HPCSparseArrays.HPCMatrix_local — Function

HPCMatrix_local(A_local::AbstractMatrix{T}, backend::HPCBackend; col_partition=...) where T

Create a HPCMatrix from a local matrix on each rank.

Unlike HPCMatrix(M_global, backend) which takes a global matrix and partitions it, this constructor takes only the local rows of the matrix that each rank owns. The row partition is computed by gathering the local row counts from all ranks.

The type of A_local determines the storage backend (CPU Matrix, GPU MtlMatrix, etc.).

All ranks must have local matrices with the same number of columns. A collective error is raised if the column counts don't match.

Arguments

A_local::AbstractMatrix{T}: Local rows owned by this rank
backend::HPCBackend: The HPC backend configuration

Keyword Arguments

col_partition::Vector{Int}: Column partition boundaries (default: uniform_partition(size(A_local,2), nranks))

Example

backend = backend_cpu_mpi(MPI.COMM_WORLD)
# Rank 0 has 2×3 matrix, Rank 1 has 3×3 matrix
A = HPCMatrix_local(randn(2, 3), backend)  # on rank 0
A = HPCMatrix_local(randn(3, 3), backend)  # on rank 1
# Result: 5×3 distributed matrix with row_partition [1, 3, 6]

source

HPCSparseArrays.HPCSparseMatrix_local — Function

HPCSparseMatrix_local(A_local::SparseMatrixCSR{T,Ti}, backend::HPCBackend; col_partition=...) where {T,Ti}
HPCSparseMatrix_local(A_local::Adjoint{T,SparseMatrixCSC{T,Ti}}, backend::HPCBackend; col_partition=...) where {T,Ti}

Create a HPCSparseMatrix from a local sparse matrix on each rank.

Unlike HPCSparseMatrix{T}(A_global, backend) which takes a global matrix and partitions it, this constructor takes only the local rows of the matrix that each rank owns. The row partition is computed by gathering the local row counts from all ranks.
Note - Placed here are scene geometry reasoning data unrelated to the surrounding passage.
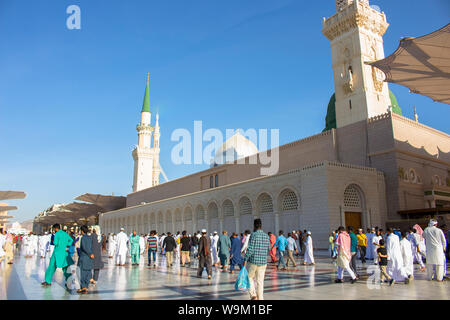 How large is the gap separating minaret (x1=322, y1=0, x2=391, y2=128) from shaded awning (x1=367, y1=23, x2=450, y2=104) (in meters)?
8.30

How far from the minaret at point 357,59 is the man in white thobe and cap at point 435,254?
18.0m

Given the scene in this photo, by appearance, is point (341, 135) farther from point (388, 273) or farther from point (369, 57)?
point (388, 273)

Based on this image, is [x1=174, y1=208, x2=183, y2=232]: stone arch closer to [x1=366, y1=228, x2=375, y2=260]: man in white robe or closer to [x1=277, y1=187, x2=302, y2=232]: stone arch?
[x1=277, y1=187, x2=302, y2=232]: stone arch

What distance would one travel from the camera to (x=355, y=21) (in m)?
26.3

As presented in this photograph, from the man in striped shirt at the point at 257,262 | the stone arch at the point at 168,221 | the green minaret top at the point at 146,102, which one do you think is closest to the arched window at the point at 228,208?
the stone arch at the point at 168,221

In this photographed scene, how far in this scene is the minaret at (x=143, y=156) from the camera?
4894 centimetres

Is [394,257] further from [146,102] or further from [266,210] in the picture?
[146,102]

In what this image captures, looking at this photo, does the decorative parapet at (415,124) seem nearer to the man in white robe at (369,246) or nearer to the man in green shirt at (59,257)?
the man in white robe at (369,246)

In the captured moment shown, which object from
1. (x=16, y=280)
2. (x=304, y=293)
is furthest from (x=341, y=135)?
(x=16, y=280)

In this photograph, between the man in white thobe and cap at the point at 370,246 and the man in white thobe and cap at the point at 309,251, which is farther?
the man in white thobe and cap at the point at 370,246

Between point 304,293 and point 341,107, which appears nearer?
point 304,293

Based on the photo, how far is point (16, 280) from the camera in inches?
325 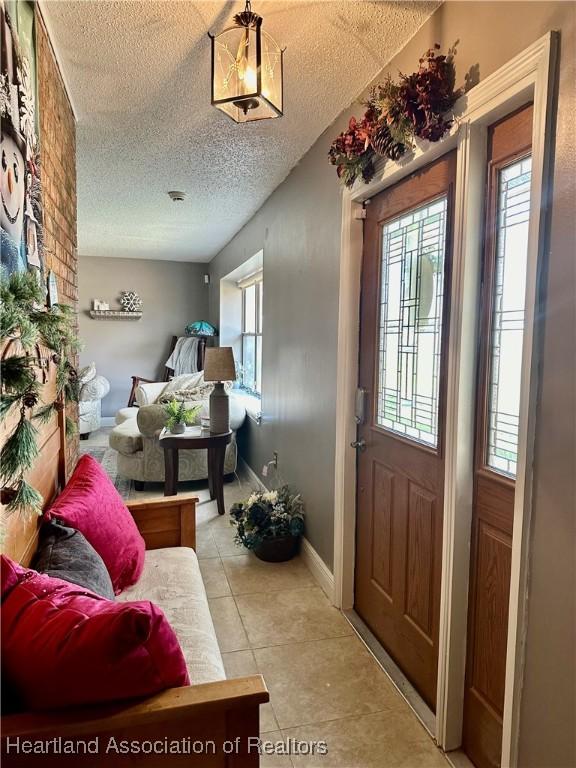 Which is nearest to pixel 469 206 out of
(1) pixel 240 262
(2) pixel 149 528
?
(2) pixel 149 528

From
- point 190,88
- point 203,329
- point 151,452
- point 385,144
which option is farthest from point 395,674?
point 203,329

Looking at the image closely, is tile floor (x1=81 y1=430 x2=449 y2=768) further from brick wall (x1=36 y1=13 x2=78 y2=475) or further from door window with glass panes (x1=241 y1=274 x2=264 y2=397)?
door window with glass panes (x1=241 y1=274 x2=264 y2=397)

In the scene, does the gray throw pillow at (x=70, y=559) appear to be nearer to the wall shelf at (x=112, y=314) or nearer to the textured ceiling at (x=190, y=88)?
the textured ceiling at (x=190, y=88)

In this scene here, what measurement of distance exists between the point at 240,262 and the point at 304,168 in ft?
6.59

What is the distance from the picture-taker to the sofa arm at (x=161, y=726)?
3.05ft

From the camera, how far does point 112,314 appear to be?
6879 mm

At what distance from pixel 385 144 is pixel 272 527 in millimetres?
2134

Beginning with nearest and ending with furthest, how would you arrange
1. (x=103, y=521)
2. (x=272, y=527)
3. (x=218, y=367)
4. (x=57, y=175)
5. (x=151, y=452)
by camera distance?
(x=103, y=521) < (x=57, y=175) < (x=272, y=527) < (x=218, y=367) < (x=151, y=452)

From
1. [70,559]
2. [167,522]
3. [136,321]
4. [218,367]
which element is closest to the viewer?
[70,559]

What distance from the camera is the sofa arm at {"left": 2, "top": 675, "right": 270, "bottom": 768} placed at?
0.93m

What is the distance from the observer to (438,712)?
5.39 feet

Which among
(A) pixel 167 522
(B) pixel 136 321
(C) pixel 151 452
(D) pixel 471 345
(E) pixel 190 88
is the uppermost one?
(E) pixel 190 88

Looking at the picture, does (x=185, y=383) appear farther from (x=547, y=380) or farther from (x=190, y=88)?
(x=547, y=380)

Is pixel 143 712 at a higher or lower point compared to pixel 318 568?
higher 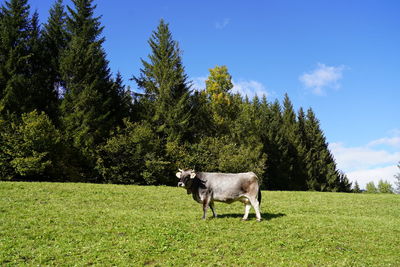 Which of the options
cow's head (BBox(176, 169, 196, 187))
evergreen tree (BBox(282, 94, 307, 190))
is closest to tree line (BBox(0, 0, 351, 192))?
evergreen tree (BBox(282, 94, 307, 190))

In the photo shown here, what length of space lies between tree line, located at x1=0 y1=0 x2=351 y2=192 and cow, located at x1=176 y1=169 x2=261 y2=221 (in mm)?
22401

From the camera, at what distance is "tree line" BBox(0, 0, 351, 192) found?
33.3 meters

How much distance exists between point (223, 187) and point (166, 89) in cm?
3258

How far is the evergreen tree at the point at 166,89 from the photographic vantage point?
43469mm

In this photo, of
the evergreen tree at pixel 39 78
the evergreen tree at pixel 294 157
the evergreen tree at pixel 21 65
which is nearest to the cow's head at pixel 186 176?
the evergreen tree at pixel 21 65

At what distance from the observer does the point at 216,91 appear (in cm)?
5125

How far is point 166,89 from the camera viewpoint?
44719mm

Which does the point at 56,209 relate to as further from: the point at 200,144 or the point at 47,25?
the point at 47,25

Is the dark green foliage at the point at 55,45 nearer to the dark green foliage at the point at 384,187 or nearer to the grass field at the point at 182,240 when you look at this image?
the grass field at the point at 182,240

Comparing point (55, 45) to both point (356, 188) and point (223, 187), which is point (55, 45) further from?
point (356, 188)

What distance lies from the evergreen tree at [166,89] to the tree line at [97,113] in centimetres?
15

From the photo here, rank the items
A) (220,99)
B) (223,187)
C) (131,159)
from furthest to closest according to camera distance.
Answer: (220,99) → (131,159) → (223,187)

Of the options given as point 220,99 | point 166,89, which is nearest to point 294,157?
point 220,99

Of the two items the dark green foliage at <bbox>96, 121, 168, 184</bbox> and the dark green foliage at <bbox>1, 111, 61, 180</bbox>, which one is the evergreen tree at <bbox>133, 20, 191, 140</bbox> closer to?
the dark green foliage at <bbox>96, 121, 168, 184</bbox> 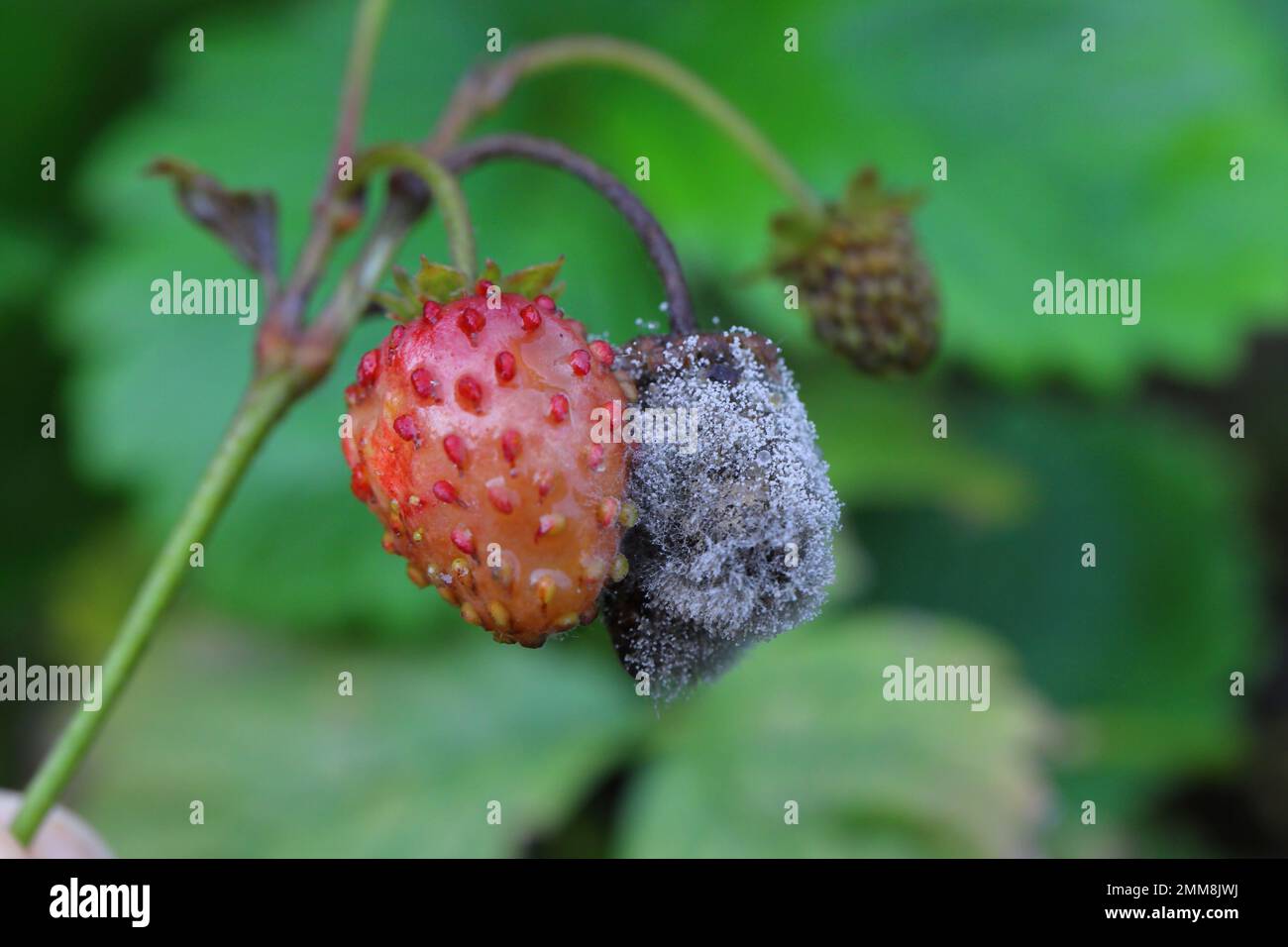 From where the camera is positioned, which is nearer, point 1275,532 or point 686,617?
point 686,617

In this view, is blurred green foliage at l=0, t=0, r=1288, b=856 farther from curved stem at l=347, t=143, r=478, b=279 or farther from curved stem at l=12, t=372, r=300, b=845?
curved stem at l=12, t=372, r=300, b=845

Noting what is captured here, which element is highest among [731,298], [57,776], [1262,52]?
[1262,52]

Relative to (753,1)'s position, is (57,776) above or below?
below

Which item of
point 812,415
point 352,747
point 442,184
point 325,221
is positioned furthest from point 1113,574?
point 442,184

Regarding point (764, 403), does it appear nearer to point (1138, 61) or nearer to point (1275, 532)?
point (1138, 61)

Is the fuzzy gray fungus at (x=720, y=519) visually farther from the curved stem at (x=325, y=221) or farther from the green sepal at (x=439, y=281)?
the curved stem at (x=325, y=221)

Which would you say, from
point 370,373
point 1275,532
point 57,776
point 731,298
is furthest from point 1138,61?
point 57,776

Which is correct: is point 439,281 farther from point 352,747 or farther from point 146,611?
point 352,747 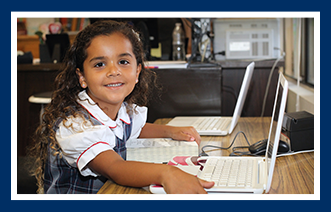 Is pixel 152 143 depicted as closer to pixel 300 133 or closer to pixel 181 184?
pixel 181 184

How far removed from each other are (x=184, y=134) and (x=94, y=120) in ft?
1.02

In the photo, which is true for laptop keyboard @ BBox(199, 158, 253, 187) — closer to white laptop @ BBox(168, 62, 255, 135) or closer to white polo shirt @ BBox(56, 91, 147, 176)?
white polo shirt @ BBox(56, 91, 147, 176)

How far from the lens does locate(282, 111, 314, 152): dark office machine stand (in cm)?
104

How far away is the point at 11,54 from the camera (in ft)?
2.41

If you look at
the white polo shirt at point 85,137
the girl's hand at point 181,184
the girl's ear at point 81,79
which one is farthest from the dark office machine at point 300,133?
the girl's ear at point 81,79

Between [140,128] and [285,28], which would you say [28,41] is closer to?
[285,28]

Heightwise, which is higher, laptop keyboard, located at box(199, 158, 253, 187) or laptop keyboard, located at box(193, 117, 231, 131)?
laptop keyboard, located at box(193, 117, 231, 131)

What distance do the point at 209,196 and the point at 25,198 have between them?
35cm

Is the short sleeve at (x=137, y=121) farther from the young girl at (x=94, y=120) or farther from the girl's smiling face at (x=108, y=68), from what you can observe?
the girl's smiling face at (x=108, y=68)

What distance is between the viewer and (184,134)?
113 centimetres

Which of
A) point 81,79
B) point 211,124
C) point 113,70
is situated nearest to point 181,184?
point 113,70

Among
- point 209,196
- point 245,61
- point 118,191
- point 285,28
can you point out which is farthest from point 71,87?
point 285,28

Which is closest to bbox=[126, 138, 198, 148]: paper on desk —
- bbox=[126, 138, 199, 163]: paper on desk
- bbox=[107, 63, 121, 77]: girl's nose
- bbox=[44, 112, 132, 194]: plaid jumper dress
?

The input A_local must be a SparseMatrixCSR{T,Ti} (or Adjoint of SparseMatrixCSC{T,Ti}) where:

A_local.parent.n = number of local rows on this rank
A_local.parent.m = global number of columns (must match on all ranks)
A_local.parent.rowval = global column indices

All ranks must have local matrices with the same number of columns (block widths must match). A collective error is raised if the column counts don't match.

Note: For Adjoint inputs, the values are conjugated to match the adjoint semantics.

Arguments

A_local: Local sparse matrix in CSR format
backend::HPCBackend: Backend configuration (device, comm, solver)

Keyword Arguments

col_partition::Vector{Int}: Column partition boundaries (default: uniform_partition(A_local.parent.m, nranks))

Example

backend = backend_cpu_mpi(MPI.COMM_WORLD)
# Create local rows in CSR format
# Rank 0 owns rows 1-2 of a 5×3 matrix, Rank 1 owns rows 3-5
local_csc = sparse([1, 1, 2], [1, 2, 3], [1.0, 2.0, 3.0], 2, 3)  # 2 local rows, 3 cols
A = HPCSparseMatrix_local(SparseMatrixCSR(local_csc), backend)

source

Row-wise Operations

HPCSparseArrays.map_rows — Function

map_rows(f, A...)

Apply function f to corresponding rows of distributed arrays, with CPU fallback.

This is the safe version that handles functions with arbitrary closures by converting GPU arrays to CPU, applying the function, and converting back. Use map_rows_gpu for performance-critical inner loops where f is isbits-compatible.

Arguments

f: Function to apply to each row (can capture non-isbits data)
A...: One or more distributed arrays (HPCVector or HPCMatrix)

Returns

HPCVector or HPCMatrix depending on the return type of f

See also: map_rows_gpu for GPU-native version (requires isbits closures)

source

HPCSparseArrays.map_rows_gpu — Function

map_rows_gpu(f, A...)

Apply function f to corresponding rows of distributed vectors/matrices (GPU-native).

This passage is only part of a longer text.